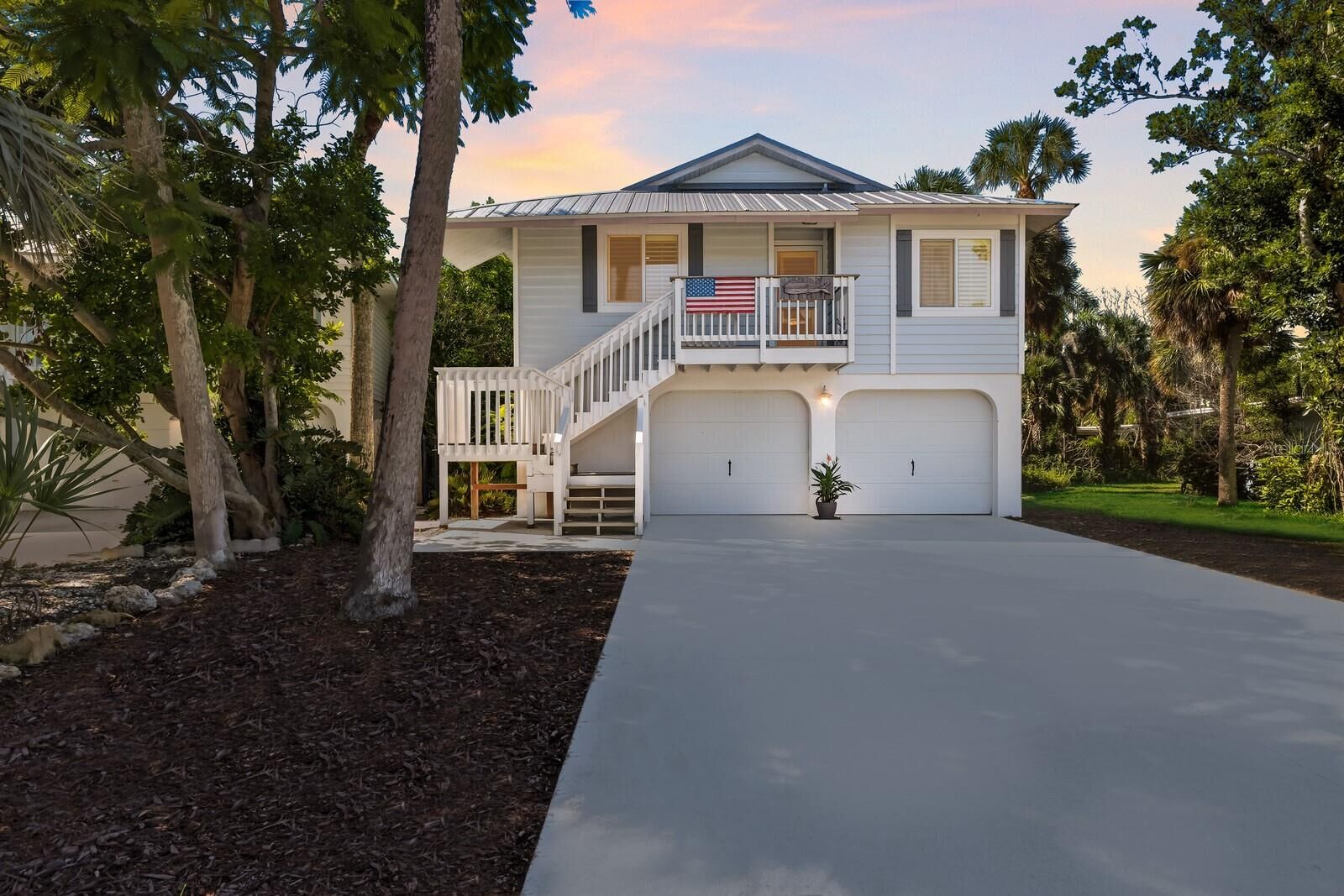Property Photo: 221 Island Circle FL 34242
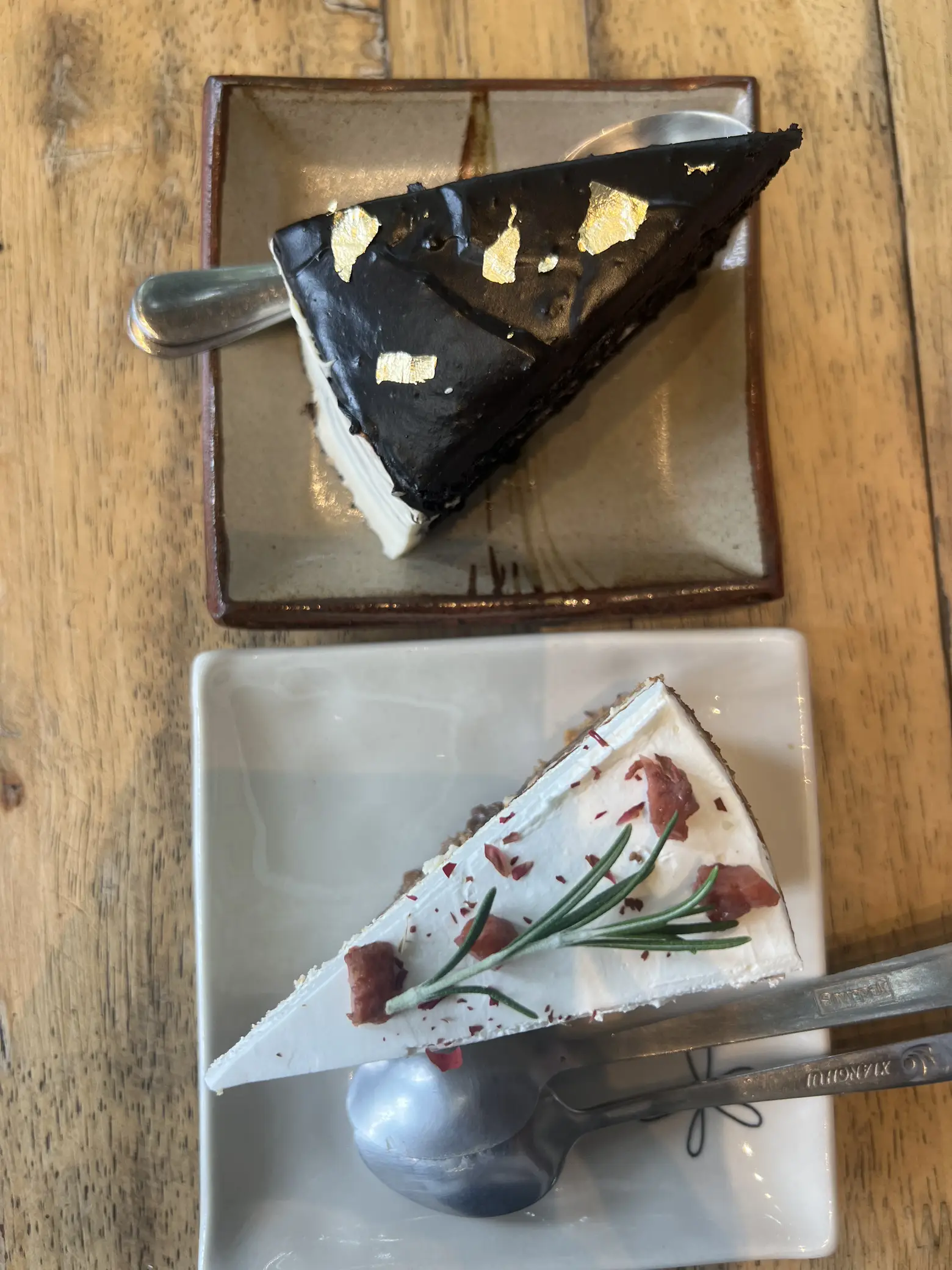 BROS CAFE 🍰🍵☕️ แกลเลอรีที่โพสต์โดย ครูจ๋ารีวิว Lemon8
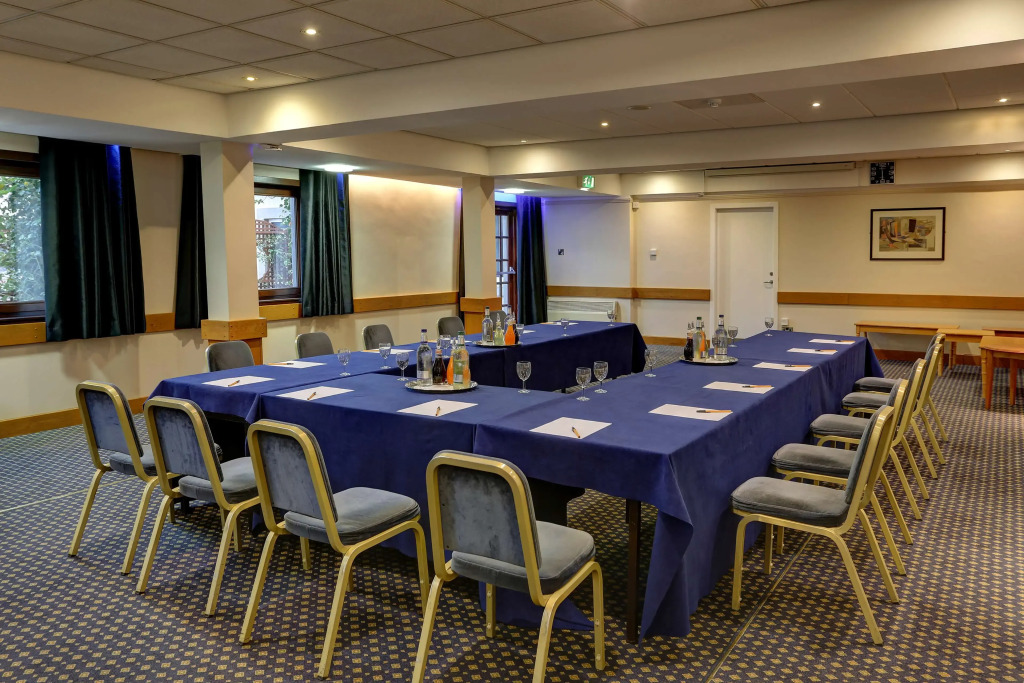 Best Western Kings Manor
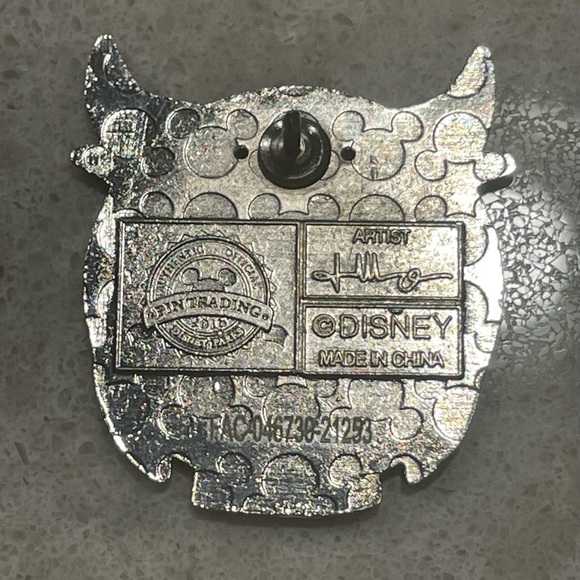 Disney Chernabog Fantasia - 2016 World of Evil Villains Mystery Pin - Picture 2 of 2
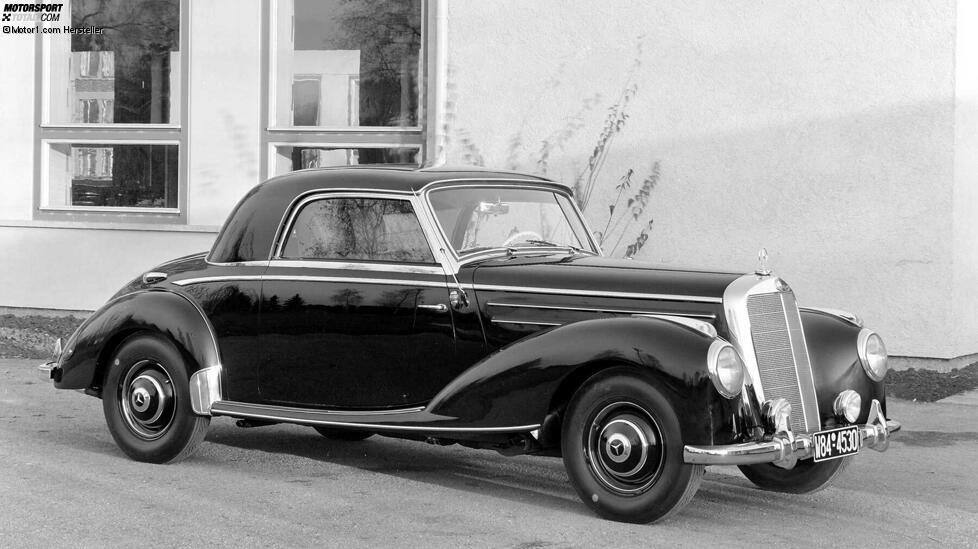 Es war der Mercedes 300, der die großen Stuttgarter Limousinen nach dem Zweiten Weltkrieg wieder zum Leben erweckte. Die Ingenieure wollten etwas Neues entwickeln, etwas Schöneres und vor allem Bequemeres. Trotzdem sollte in vielerlei Hinsicht ein angemessener Abstand zu den großen amerikanischen Autos eingehalten werden.
Um also ihr Know-how zu demonstrieren (wir befinden uns in den frühen 1950er-Jahren), beschlossen die Deutschen, sich auf die Sicherheit zu konzentrieren und sie zur Speerspitze der S-Klasse zu machen. So ist der Wagen mit stärkeren Scharnieren und Türschlössern ausgestattet, um ein Abreißen der Türen im Falle eines Unfalls zu verhindern. Aber auch vordere Trommelbremsen des Duplex-Typs, mit einer gleichmäßigen Verteilung der Kräfte zwischen den beiden Trommeln.
Obwohl das Bild einen W187 (Coupé) zeigt, sind die Entwicklungen identisch. Es besteht bereits die Bereitschaft, Luxus in vielen Formen anzubieten.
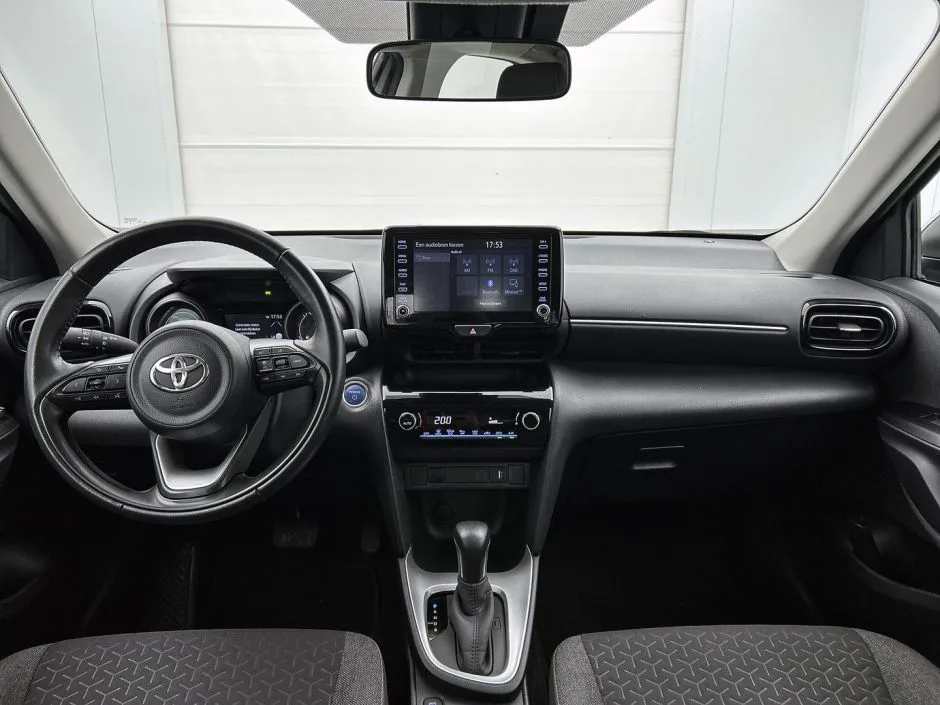 Toyota Yaris Cross (2023) — foto 1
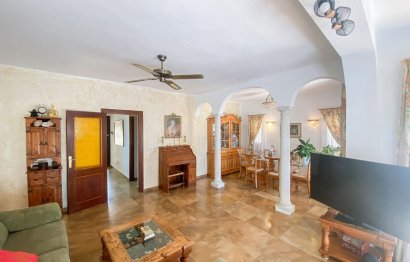 Resale - House - Detached Villa - Marbella - Guadalmina Alta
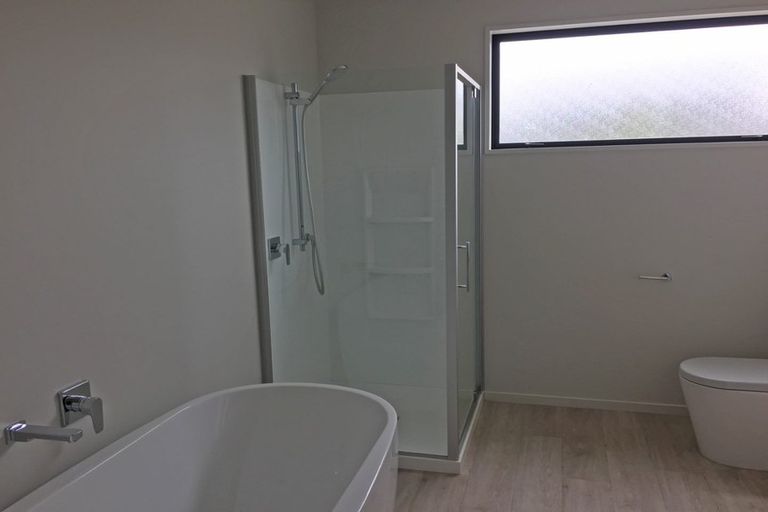 Photo of property in 9 Merivale Avenue, Wanaka, 9305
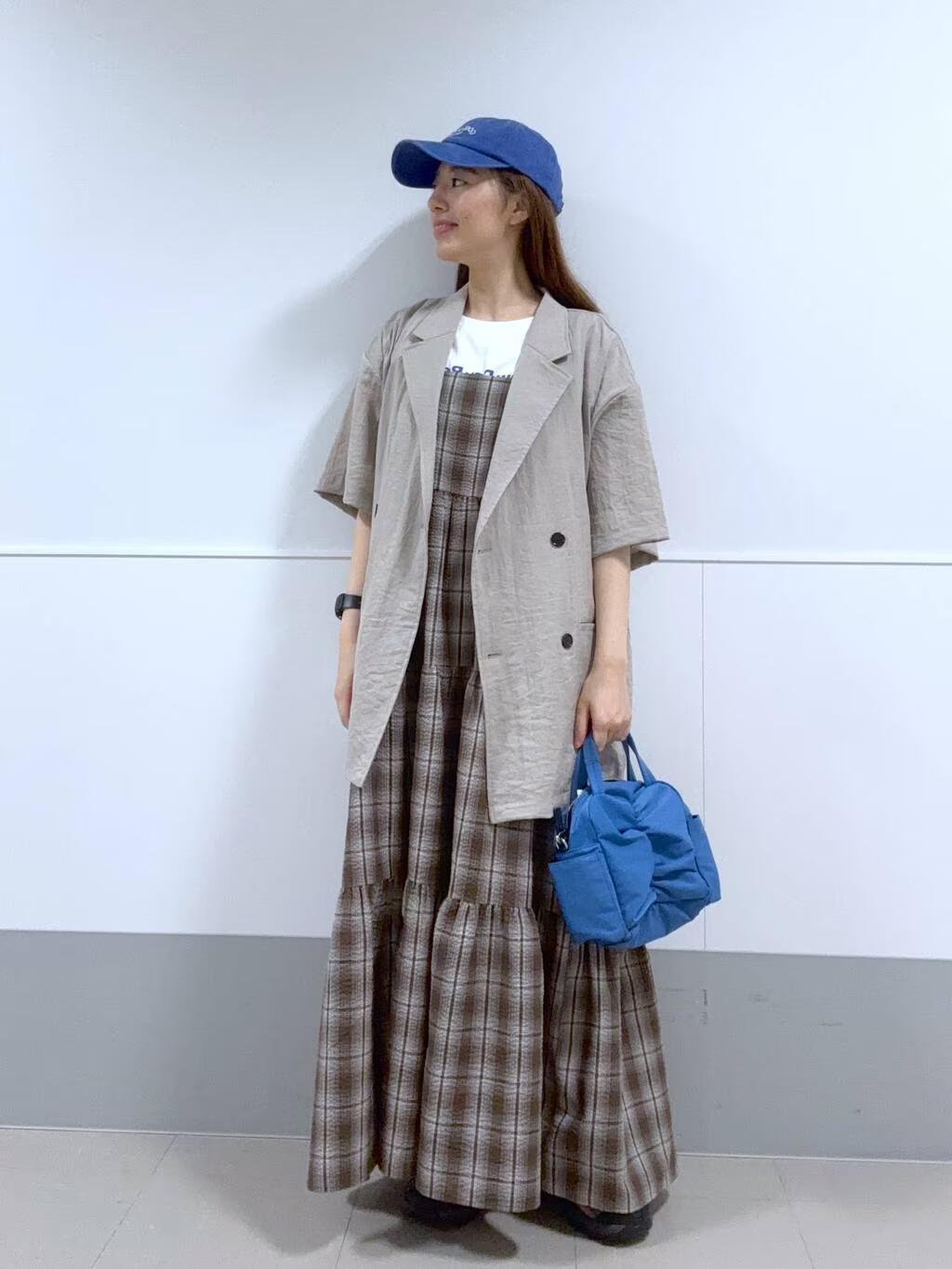 LAKOLEの【接触冷感】ハーフスリーブシアーWジャケットを使ったコーディネートを紹介します。｜Rakuten Fashion(楽天ファッション／旧楽天ブランドアベニュー)5701294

◆ ◆ ◆ ◆ ◆

EXERCISE GOAL: Leave every image out when you return the material above word for word.

RESULT FOR THIS TASK:
Property Photo: 221 Island Circle FL 34242
 BROS CAFE 🍰🍵☕️ แกลเลอรีที่โพสต์โดย ครูจ๋ารีวิว Lemon8
 Best Western Kings Manor
 Disney Chernabog Fantasia - 2016 World of Evil Villains Mystery Pin - Picture 2 of 2
 Es war der Mercedes 300, der die großen Stuttgarter Limousinen nach dem Zweiten Weltkrieg wieder zum Leben erweckte. Die Ingenieure wollten etwas Neues entwickeln, etwas Schöneres und vor allem Bequemeres. Trotzdem sollte in vielerlei Hinsicht ein angemessener Abstand zu den großen amerikanischen Autos eingehalten werden.
Um also ihr Know-how zu demonstrieren (wir befinden uns in den frühen 1950er-Jahren), beschlossen die Deutschen, sich auf die Sicherheit zu konzentrieren und sie zur Speerspitze der S-Klasse zu machen. So ist der Wagen mit stärkeren Scharnieren und Türschlössern ausgestattet, um ein Abreißen der Türen im Falle eines Unfalls zu verhindern. Aber auch vordere Trommelbremsen des Duplex-Typs, mit einer gleichmäßigen Verteilung der Kräfte zwischen den beiden Trommeln.
Obwohl das Bild einen W187 (Coupé) zeigt, sind die Entwicklungen identisch. Es besteht bereits die Bereitschaft, Luxus in vielen Formen anzubieten.
 Toyota Yaris Cross (2023) — foto 1
 Resale - House - Detached Villa - Marbella - Guadalmina Alta
 Photo of property in 9 Merivale Avenue, Wanaka, 9305
 LAKOLEの【接触冷感】ハーフスリーブシアーWジャケットを使ったコーディネートを紹介します。｜Rakuten Fashion(楽天ファッション／旧楽天ブランドアベニュー)5701294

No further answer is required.